Domestic adoption rates have increased over the last few decades. According to the National Council for Adoption, there are now over 20,000 domestic adoptions per year. While the annual number of domestic adoptions has been increasing, the annual number of international adoptions has been decreasing.
Adoption is a journey for all involved in the process with the hope of the best possible life for all. Many couples are unable to have children on their own but would love to be parents, and others already have children but want to expand their families further. Adoption is a choice that opens up opportunities for all involved, including the birthparents, the adoptive parents, and the children themselves.
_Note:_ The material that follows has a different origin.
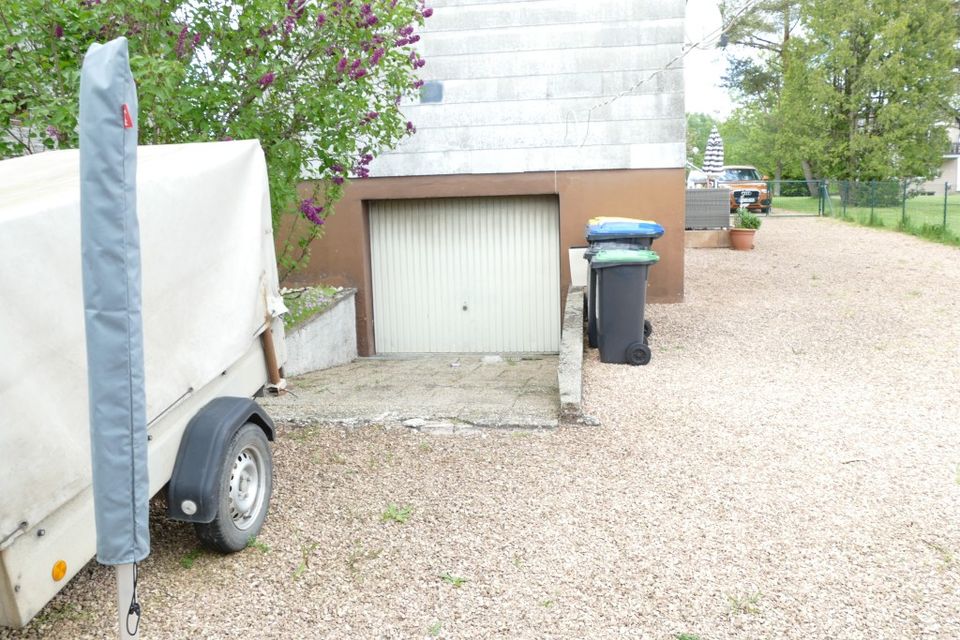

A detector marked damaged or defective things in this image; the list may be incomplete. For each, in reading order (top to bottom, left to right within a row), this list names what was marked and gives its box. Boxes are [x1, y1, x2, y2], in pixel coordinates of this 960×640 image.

Giving up a child is a hard decision for young birthparents to make, but it can lead to a better life for both them and the child. In domestic adoptions, birthparents can choose the extent of contact with the child and the adoptive parents with open, semi-open, and closed adoptions. In some domestic newborn adoptions, the birthparents can choose the adoptive parents. And also for some domestic adoptions, the birthparents and the adoptive parents meet before the adoption, which lets birthparents know what type of household the child will go to. It is also becoming increasingly popular for the adoptive parents and the birthparents to build relationships with each other. In the United States, many adoptive parents help the birthparents prior to the adoption in different ways, such as helping pay for living expenses and utilities or doctors visits.
Hopeful domestic adoption parents must go through a “home study” to see if they would be capable and committed parents. Domestic adoption does have the negative stereotype that it takes years for prospective adopters to be matched with children from the time that they first apply; however, according to a 2012-2013 Adoptive Families survey, about half of respondents were matched with a birthmother in less than six months.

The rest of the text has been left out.